• [Problem to work on]: Identify the line in which "Read Kanojo, Okarishimasu" appears, then reproduce that line and all remaining lines of the records word for word.

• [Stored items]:
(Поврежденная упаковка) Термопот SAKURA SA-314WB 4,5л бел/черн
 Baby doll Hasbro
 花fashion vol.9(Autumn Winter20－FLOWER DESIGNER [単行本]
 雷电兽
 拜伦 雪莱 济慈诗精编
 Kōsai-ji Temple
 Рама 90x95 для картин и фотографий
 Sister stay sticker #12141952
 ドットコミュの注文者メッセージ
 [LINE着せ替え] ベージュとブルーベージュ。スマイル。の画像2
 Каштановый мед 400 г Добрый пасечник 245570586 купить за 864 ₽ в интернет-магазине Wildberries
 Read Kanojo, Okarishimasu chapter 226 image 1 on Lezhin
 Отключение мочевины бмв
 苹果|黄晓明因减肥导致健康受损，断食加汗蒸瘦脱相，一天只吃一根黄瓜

• [Task response]:
 Read Kanojo, Okarishimasu chapter 226 image 1 on Lezhin
 Отключение мочевины бмв
 苹果|黄晓明因减肥导致健康受损，断食加汗蒸瘦脱相，一天只吃一根黄瓜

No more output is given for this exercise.